Prisons en Guinée : Entre répression politique et surpopulation endémique.

Gnouma Laurent Koniono

Le 5 septembre 2021, le Colonel Mamadi Doumbouya renverse Alpha Condé par un coup d'État promettant un retour à la justice. Deux jours plus tard, il libère des membres du Front National pour la Défense de la Constitution (FNDC), arrêtés pour s'opposer à Condé. Cependant, lors de nouvelles manifestations en juillet 2022, des personnes, y compris du FNDC, sont de nouveau arrêtées et incarcérées sans procès, avec des enfants parmi eux. Des anciens ministres de Condé accusés de corruption subissent le même sort. La Maison Centrale de Conakry, destinée à 300 détenus, compte 1 929 prisonniers en octobre 2023, soit une surpopulation de 643 %, avec 65 % de détenus en détention provisoire souvent au-delà de la durée légale. Les conditions de détention y sont extrêmement difficiles. Ces constats soulèvent des questions sur la pertinence de la prison dans la Guinée postcoloniale, où l'incarcération semble perpétuer les pratiques coloniales pour contrôler les opposants et les populations pauvres.

Utiliser les justices locales pour sortir du dogme judiciaire d’inspiration coloniale ? Quelques points d’attention tirés d’expériences au Burkina Faso.

Julien Moriceau

Malgré 70 ans d'indépendance et de multiples réformes, les systèmes juridiques de la plupart des États africains demeurent largement calqués sur les modèles de justice occidentale importés durant la colonisation. Depuis plusieurs années, les discours des acteurs du développement international et des institutions africaines reconnaissent l'échec des réformes judiciaires traditionnelles et l'incapacité des systèmes judiciaires étatiques à satisfaire la demande de justice des populations. Ils suggèrent désormais d'inclure des mécanismes alternatifs, comme des sanctions alternatives à la détention ou des méthodes "traditionnelles" de résolution des litiges. Toutefois, dans la pratique, les réformes récentes ne parviennent que rarement à modifier réellement le modèle pénal répressif, laissant peu de place à des approches novatrices ou communautaires pour traiter les problèmes de justice.
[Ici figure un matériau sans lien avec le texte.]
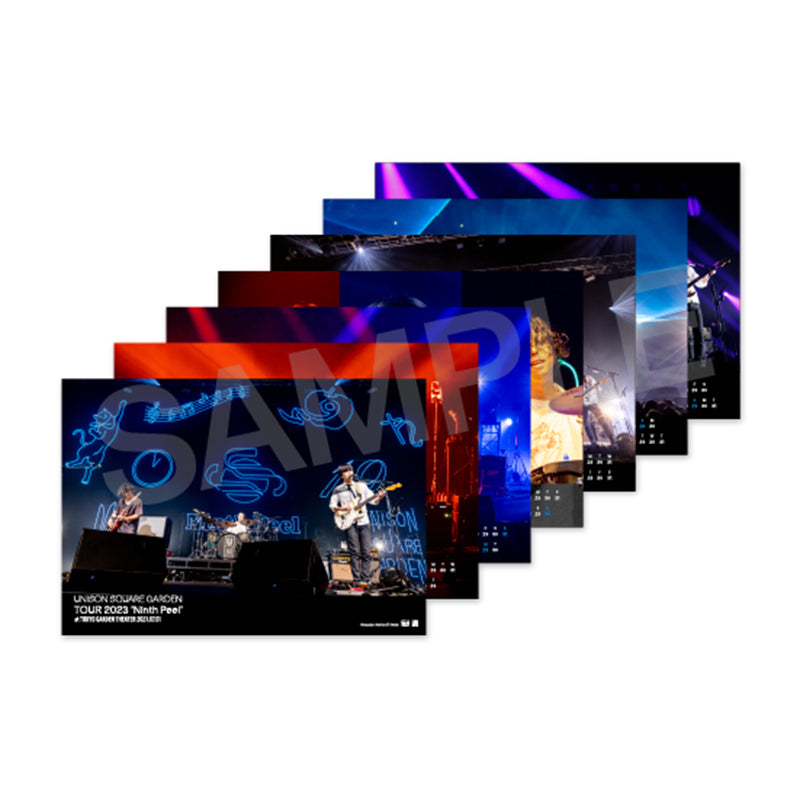 Amazon.co.jp: 【外付け特典あり】 LIVE DVD 『B'z LIVE-GYM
La déconnexion entre le droit et la réalité comme ressource : l’exemple de la réforme de travail d’intérêt général en Ouganda.

Chloé Ould Aklouche

La plupart des études sur les politiques publiques et les prisons en Afrique mettent en avant les insuffisances, les dérives et le manque de ressources. Cette communication propose une perspective différente, examinant comment les écarts entre les textes législatifs et les pratiques peuvent être utilisés par les acteurs nationaux pour créer des actions publiques. L'exemple utilisé est celui de la politique de travail d'intérêt général (TIG) en Ouganda, qui devait réduire la surpopulation carcérale mais qui n'a pas réussi à atteindre cet objectif. Malgré l'implication des acteurs locaux dans la conception des TIG, la mise en œuvre pratique présente des défis importants, avec peu de ressources et un nombre limité de conseillers TIG. Cela suggère que la disparité entre les lois et leur application peut offrir des opportunités pour repenser la mise en œuvre des politiques publiques dans un contexte de pénurie de ressources.
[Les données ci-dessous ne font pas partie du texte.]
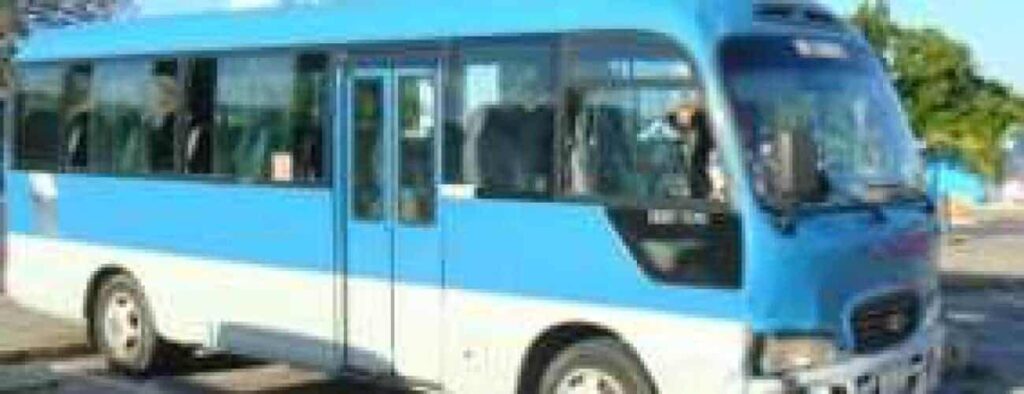 The Discover Island (by bus), a small light blue and white bus with large windows and a front door by the driver, is parked outdoors in a sunny area with trees and a clear sky in the background.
Un retour réflexif sur un terrain d’enquête sur les mineurs incarcérés à la Maison d’Arrêt et de Correction de Ouagadougou (Burkina Faso).

Hama Thieni

Au Burkina Faso, les maisons d’arrêt et de correction abritent des quartiers pour mineurs destinés à ceux soupçonnés ou ayant commis des infractions pénales. En 2020, 328 mineurs ont été accueillis dans les 27 établissements pénitentiaires du pays, avec des conditions de détention souvent précaires et un principe de moindre éligibilité dominant sur la normalisation. Le flux de mineurs dans la Maison d’Arrêt et de Correction de Ouagadougou (MACO) a varié, avec 99 en 2016 et 51 en 2020. Les chercheurs rencontrent des défis pour accéder à ces établissements, comme l'obtention d'autorisations et l'établissement de liens de confiance avec les détenus. Les mineurs développent des sous-cultures carcérales avec des codes et des expressions spécifiques. Bien que la recherche réflexive soit utile pour comprendre ces dynamiques, elle fait face à des résistances par rapport à l'approche positiviste.